Mexican cartel membership is estimated to be in the vicinity of 175,000 people
Membership in Mexico's deadly drug cartels continues to surge as dozens of people join the crime groups daily, according to research published by the academic journal Science on Thursday. The study also estimated cartels to be the fifth-largest employers in the Latin American country.
Tracking information on homicides, incarcerations, and other related data over the past decade, researchers created a mathematical model to trace cartel recruitment numbers.

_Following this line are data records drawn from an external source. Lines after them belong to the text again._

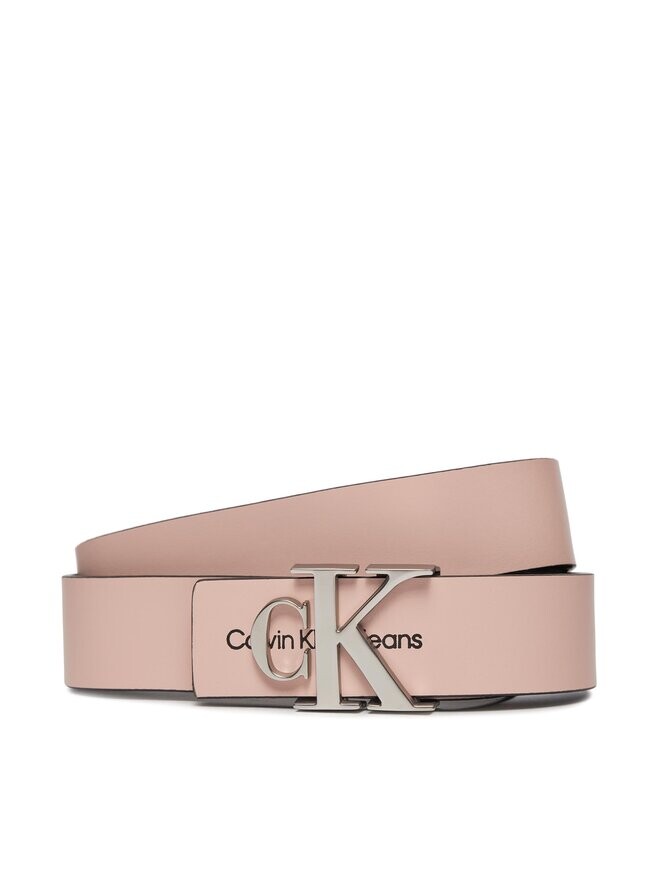 

Ремень Monogram Hardware 30Mm Calvin Klein, розовый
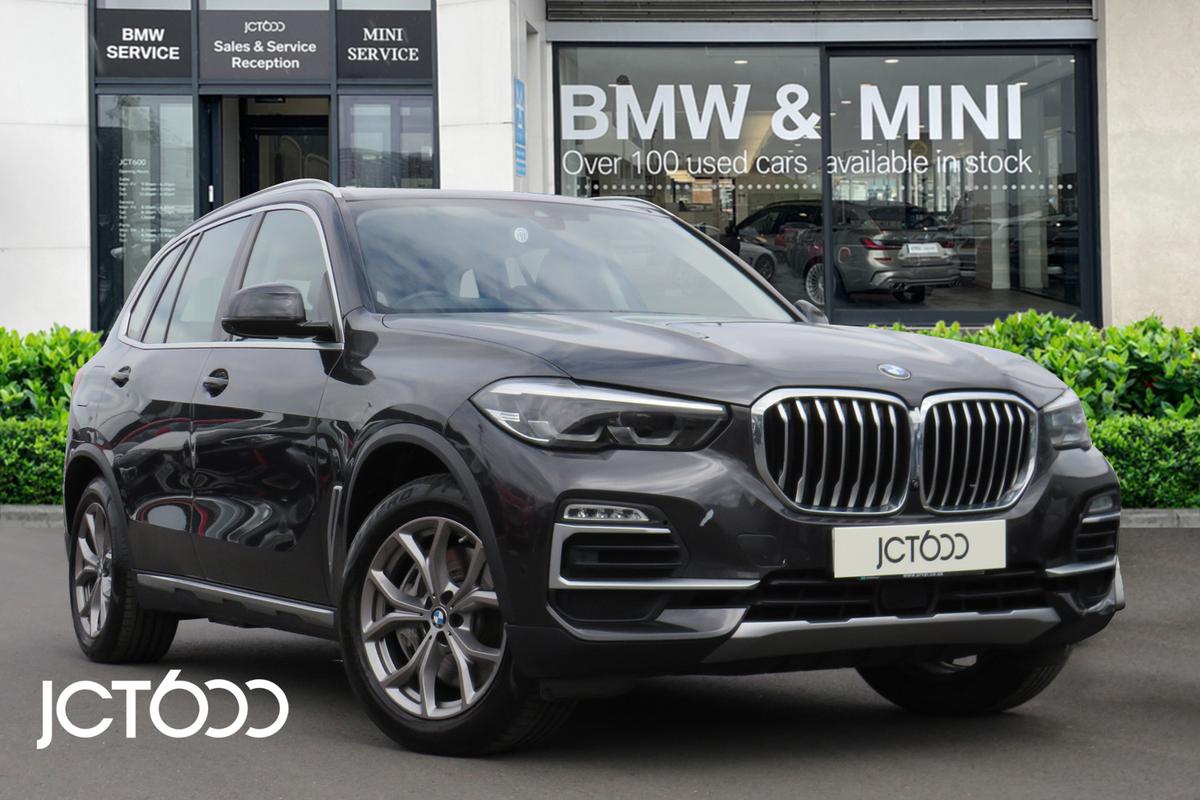 Main listing image - BMW X5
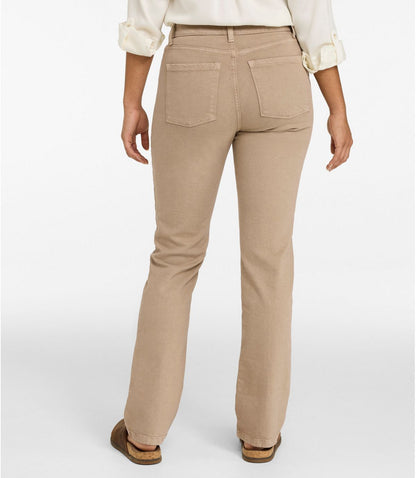 Women's True Shape Jeans, High-Rise Straight-Leg Colors - US 7359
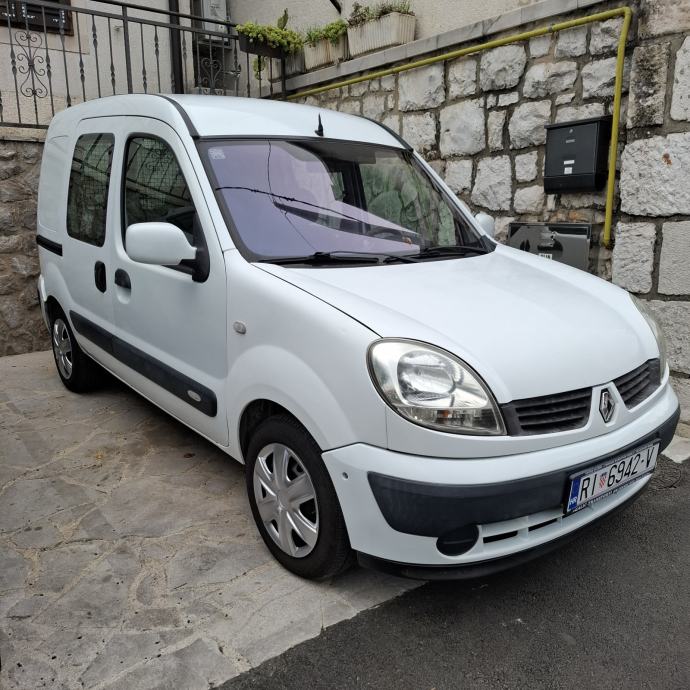 Renault Kangoo 1.5 dci, 5 osoba N-1, 2007 god.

It found that membership of around 150 drug cartels is cumulatively estimated to be 175,000, which placed it above most of Mexico's largest employers.
The study's authors said that their goal was to provide analysts and lawmakers who "have long struggled to understand cartels" a method to find a "better way out of this cycle of violence." It also indicated targeting cartel recruitment methods, rather than imprisoning members, is the most effective measure to curb the issue.
"More than 1.7 million people in Latin America are incarcerated," the study says. "Adding more people to saturated jails will not solve the insecurity problem."
Additionally, the research found that drug cartels recruit up to 20,000 new initiates each year to continue their growth, which it indicates is necessary, given that around 37% of known cartel members have been killed or incarcerated in the past decade.
"If cartels cannot recruit, then they cannot replace their losses, then they cannot keep fighting each other," Valentin Pereda of the University of Montreal, who was involved in the study, said, according to The Guardian. "Until now, no one had provided a data-based assessment of how it would work in practice."
Pereda added that, for cartel violence to be controlled, the weaponry available to them must also be addressed. "We're not talking about people with knives going at each other in a bar," he said, "We're talking about paramilitary units with military-grade weapons."
A July estimate from the US Drug Enforcement Administration (DEA) said that two of the most infamous Mexican cartels, Sinaloa and Jalisco New Generation, employ around 45,000 people.
The study noted that the DEA's figures might not be fully representative of the actual reach the organized crime groups possess, given that the "model only accounts for those directly involved in work that puts them at risk of violence, and not members - such as bankers - who help move and launder cartels' money."
Data from the Mexican Statistical Agency (INEGI), meanwhile, states that there were 32,223 homicides in Mexico in 2022 - or 25 murders per 100,000 people.